Oliver Bock wrote:
> I am having problems using the webkit script from my working directory 
> to start AppServer when my machine starts.  The trouble seems to be that 
> webkit loads its old process ID in $PID_FILE, then finds that that 
> particular PID already exists (there are lots of low-numbered processes 
> during startup) and so decides not to run AppServer.

Normally, this should not happen if the script is properly installed as 
a rc start and stop script. When the machine is shut down, webkit should 
be stopped properly and the PID_FILE deleted.
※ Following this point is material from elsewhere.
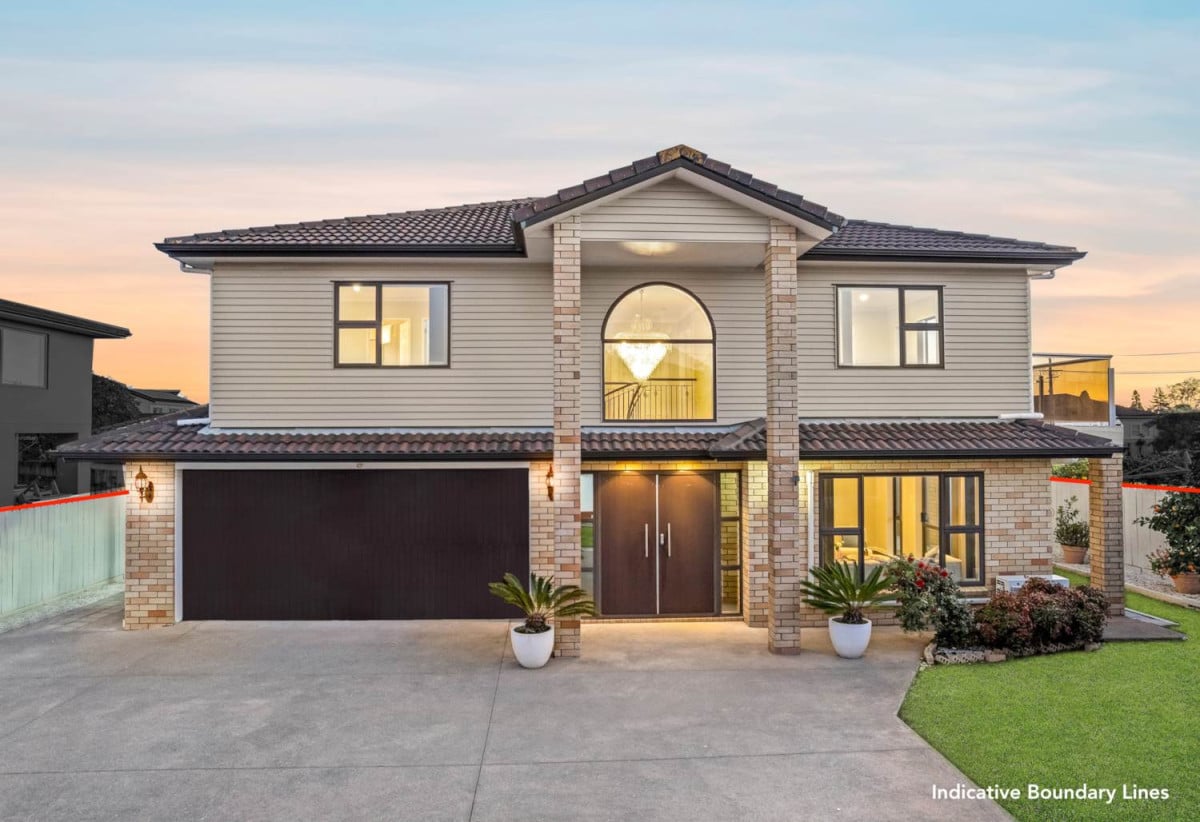 410m² Freehold Section, Brick & Weatherboard Construction, 241m2 Renovated 5 beds 3.5 baths house with double garage and extra car parks, Underfloor Heating in the Kitchen, 1 bed 1 bath ground floor, 77 Carruth Road, Papatoetoe, Auckland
But you're right, it may happen if Webware was not shut down properly 
and there is another process with the same PID running.

So instead of simply testing whether a process exists, we could check 
the process command as well and require it to be something like
"python Launch.py ThreadedAppserver"

But this would still fail if you run several Webware instances. We need 
to check whether the process really belongs to the PID_FILE.

 > Perhaps webkit should use fcntl.flock?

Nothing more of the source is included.